DOMRADIO.DE: In Ihrem Roman kommen natürlich auch Priester vor. Da ist Michael, auch ein Priester. Von dem heißt es, er will kein Priester mehr sein, solange Frauen dieses Amt nicht innehaben dürfen. Ist diese Solidarität der männlichen Priester dem wirklichen Leben abgeschaut?
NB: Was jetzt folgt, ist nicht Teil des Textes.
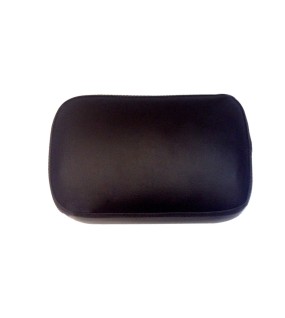 Pillion Rear Seat Customized for New Classic Royal Enfield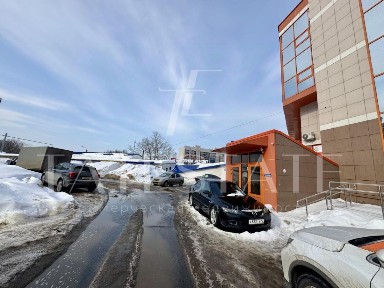 Сдается помещение свободного назначения, 199,51 м²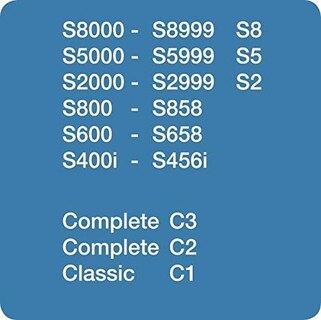 Foto 3 | Foto 3 | Bolsas De Polvo Para Aspiradoras Miele Canister Miele Hyclean 3d Tipo Gn  Microfibra - Venta Internacional.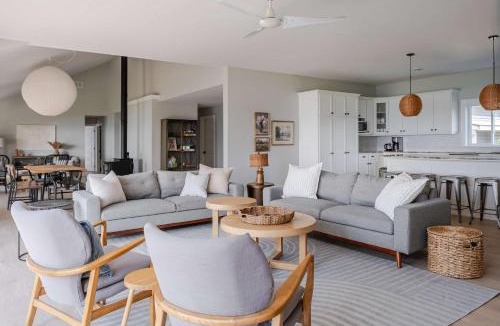 Consecon House | Edenshores - Pristine Waterfront
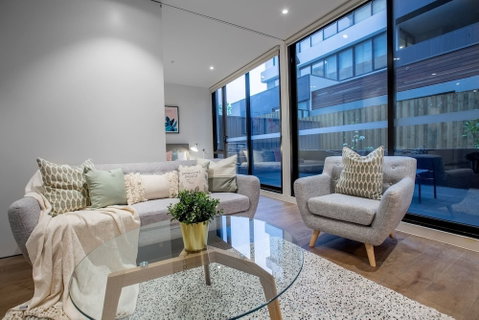 Fantastic Apartment At Boxhill Centro Near Hospital - Sydneys Hotel 0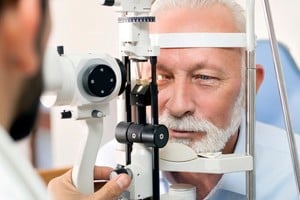 El glaucoma, es una enfermedad ocular que puede robar la vista de manera gradual y sin avisar.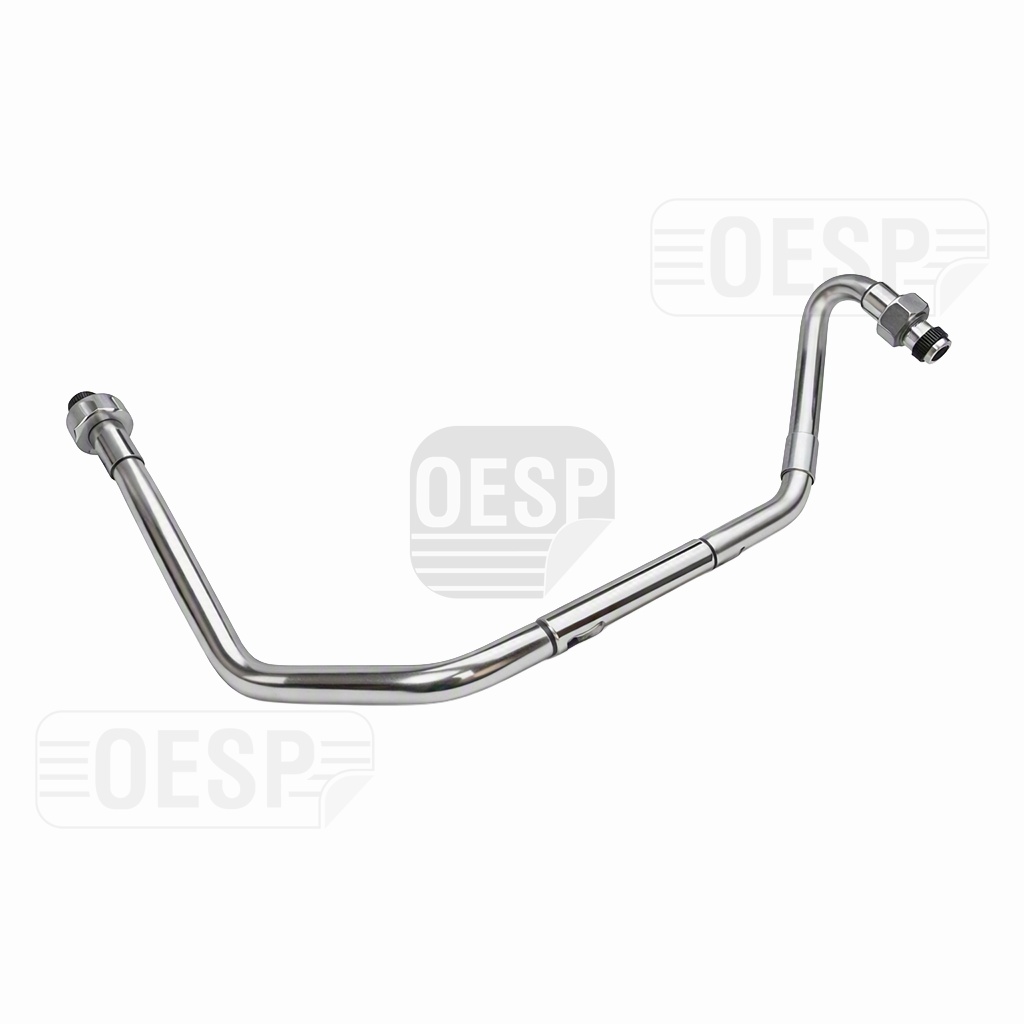 AIR PIPE - ACTROS MP4 / MP5 / AROCS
Endrich: Es gibt sie, diese Priester, was ich sehr stark und wichtig finde. Es gibt sie, glaube ich, noch zu wenig, die dieses sichtbar machen. Das ist ein allgemeines Problem, meiner Meinung nach, der feministischen Kämpfe in allen Bereichen. Wir brauchen die Solidarität der Männer. Wir brauchen Männer und in dem Fall Priester, die sehen, dass es auch in ihrem Interesse wäre, dass es ihrem Bild einer weltoffenen, wahrhaftig christlichen Kirche entspricht, dass sie dann auch lautstark einfordern, dass hier Gleichheit geschaffen wird.
DOMRADIO.DE: Rita weigert sich in ihrem Wirken für die katholische Kirche unsichtbar zu sein. Ist Ihr Roman auch ein Roman für Frauen, die eine Veränderung in der Kirche anstreben?
Endrich: Ja, definitiv. Was Frauen tun, die in der Kirche tätig sind, egal ob als Pastoralassistentin, Leiterin von Wortgottesdiensten, egal ob ehren- oder hauptamtlich, ich möchte diesen Frauen zurufen: zeigt, wie wichtig ihr in diesem System seid. Ohne euch würde es gar nicht funktionieren. Wenn ihr nicht mehr mitmacht, dann ändert sich viel schneller etwas.
Das Interview führt Johannes Schröer.